Entre os textos de Cícero   destaca-se como único por seu alcance religioso, ou melhor dito, filosófico-religioso, o chamado Somnium Scipionis (O sonho   de Cipião). Trata-se da narração - posta na boca de Cipião Emiliano - de um sonho, no qual aparece a Cipião seu pai  , Cipião o Africano. Do alto, o pai mostra Cartago a seu filho, e vaticina a vitória deste sobre a cidade dentro de dois   anos (e posteriormente a vitória sobre Numância). Acrescenta que o filho regressará em triunfo ao Capitólio, e que encontrará uma cidade completamente sublevada. Será necessário, então, aportar a luz   da alma  , da inteligência e da prudência. Para animá-lo, o Africano mostra a Cipião Emiliano o destino das almas que serviram bem a sua pátria e praticaram a piedade   e a justiça. Estas almas moram na Via-Láctea presididas pelo princips deus  , ou deus soberano. É um universo   magnífico e admirável, dividido em nove esferas, as quais produzem com seus movimentos uma harmonia   divina. Na esfera   celeste - a mais externa, que circunda todas as demais e onde estão fixadas as estrelas - vive o deus soberano. Sob esta. esfera há outras sete   que se movem em sentido inverso ao do céu. No círculo inferior   gira a Lua  ; debaixo dela há o mundo sub lunar, onde não existe nada que não seja mortal   e decrépito, exceto as almas dos homens. Estas vivem, na nona e última esfera, a Terra  , que não se move e é concêntrica às demais. Agora, para alcançar a piedade e a justiça é mister voltar a vista ao plano superior, às esferas supralunares, onde nada é decrépito ou mortal. A alma se acha ligada por sua parte superior a estas esferas, e somente poderá regressar efetivamente a elas, como sua verdadeira pátria, quando esqueça a caducidade dos bens materiais e das falsas glórias terrenas, ou seja quando se dê conta de que estar encerrada em um corpo mortal não quer dizer que ela mesma seja mortal. A alma imortal move o corpo mortal como Deus move um mundo sob certos aspectos destinados à morte. É preciso exercitar, pois, a alma nas mais nobres ocupações, e as mais nobres de todas são as orientadas no sentido da salvação da pátria. As almas que cumpram esta sublime missão ser  ão recompensadas com a ascensão às esferas celestes, enquanto que as que se entregam aos prazeres dos sentidos permanecerão na superfície da terra e não ascenderão senão depois de serem atormentadas durante séculos.

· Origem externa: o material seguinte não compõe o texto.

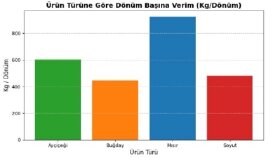 Python ile Tarımsal Veri Analizi ve Otomatik Görsel Raporlama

Discutiu-se muito a origem   destas ideias. Alguns autores assinalam que se originam de Posidônio; outros negam semelhante procedência. O quadro de Cícero (com a única exceção do motivo cívico a serviço da cidade) corresponde a muitas das ideias que em sua época foram abrindo caminho  , e que têm, por um lado, pontos de contato com as religiões astrais; por outro, pontos de contato com a tendência, a elaborar as concepções platônicas; e por outro, ainda, com uma visão do cosmo como sendo uma grande harmonia, como um templo  , no qual habitam como cidadãos as almas virtuosas. Semelhantes ideias exerceram bastante influência sobre autores posteriores, entre os quais se destacou Macróbio.

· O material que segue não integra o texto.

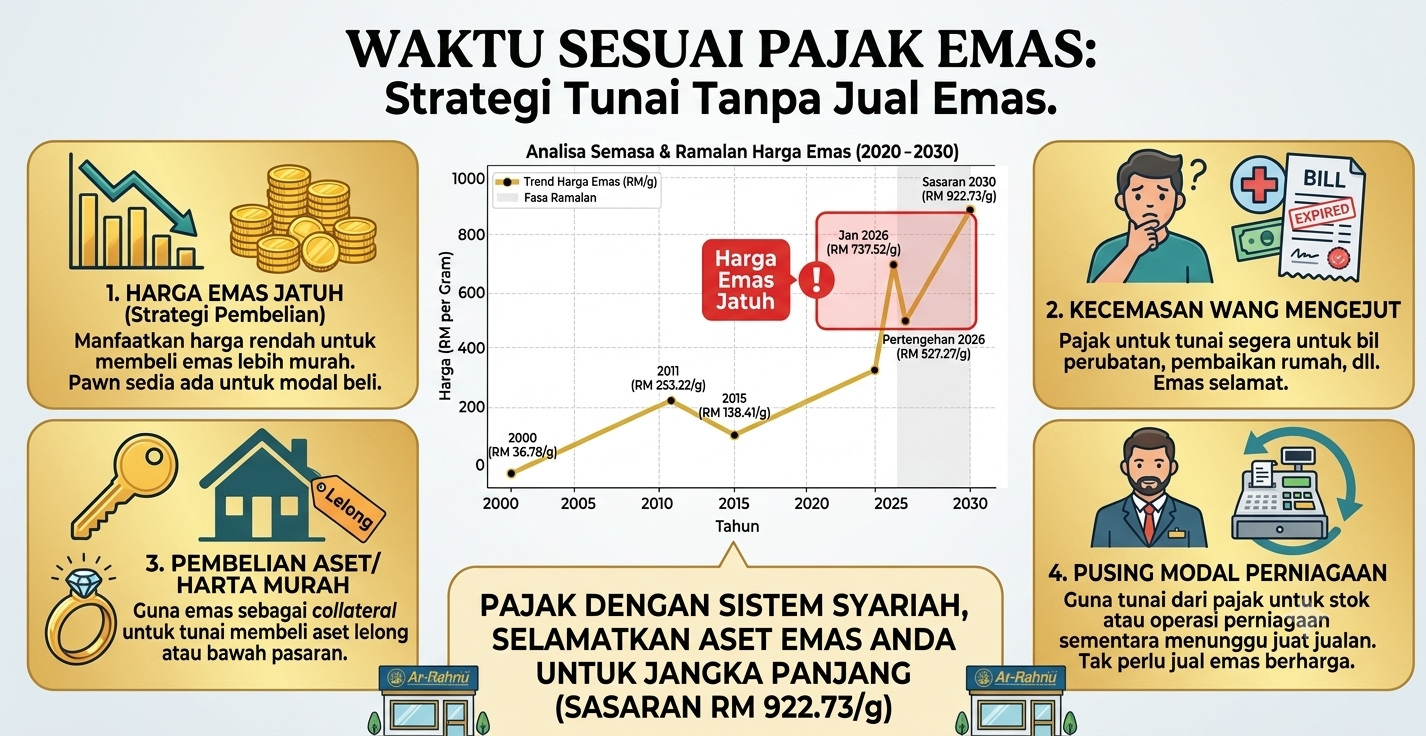 Waktu Sesuai Pajak Emas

É mister observar   que um dos temas do sonho é a concepção da insignificância da vida individual neste mundo, comparada com a imensidade do cosmo. O tema está igualmente desenvolvido no Livro VI da Eneida (revelação de Enéas a Anquises) e em alguns escritos estoicos   (por exemplo, em Sêneca, Ad Marciam de consolatione, XXI).